What engine, and why would it be any easier than what he's most familiar with?[
It was said when "the twist2" came out the first time.
The first two Dragon Age games were on an engine that was an iterative improvement of Bioware's proprietary Aurora engine. They had to switch to Frostbite for Inquisition, and it caused lots of problems for development, because their teams working with it had zero experience with Frostbite. Teams. Not one person developing a game, but teams of people working with the same engine.
I'm pretty sure KST is one person. Not a full time team.
It's really a small production.
And The Twist is poorly designed. We have no idea of what's behind the scene and it looks bad from here.
The new game came with better tech, from the start, and all the experiences gathered from the making of the first one. Look at the games and compare. One started with the advanced features of the old one.
In fact, even with the same technology, a fresh start would do marvels.
And I often joke about KST informations on updates.
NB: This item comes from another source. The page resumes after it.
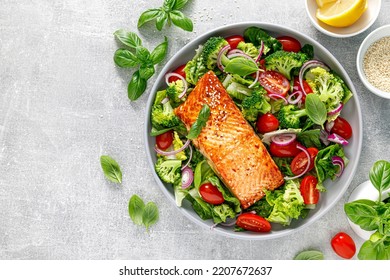 Grilled salmon fish fillet and fresh green leafy vegetable salad with tomatoes, red onion and broccoli. Healthy food. Ketogenic lunch. Top view - Powered by Shutterstock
He was at 70% and now, after days and days, it's at 90%.
Just remake the game with the new technology, the dialogues are already there. Just do the animations, scripting etc...
Less people being able to play it, longer to make content and no, no easier to add content than it currently is for him.
Why less people being able to play it?
I think the level of optimization could go up, not down.
And we disagree on the level of ease to add content. I strongly believe it's easier to add content on the new game. Even if the new game engine is less familiar than the old one. I have reasons to think that there was an upgrade.

Hey, if it's as easy as you seem to think it is, go and show KST how it's done. I'm sure you'll have a top notch, graphically beautiful game that's perfectly optimised, with five times the content in half the time it's taken him to get this far.
I don't know what you are talking about, friend. But nah, it's not my place.
I think that The Twist stayed alive way too long for financial reasons. Not because of technology or anything.
It had good ideas, started badly and it was kept going to make money.
This could be an example of a game failing to evolve because it received too much money.
Management is all about risk taking. You control that. if you take no risks, you are not managing.
The right thing to do, is fix the bad start and lack of planning and move to a new platform/game engine.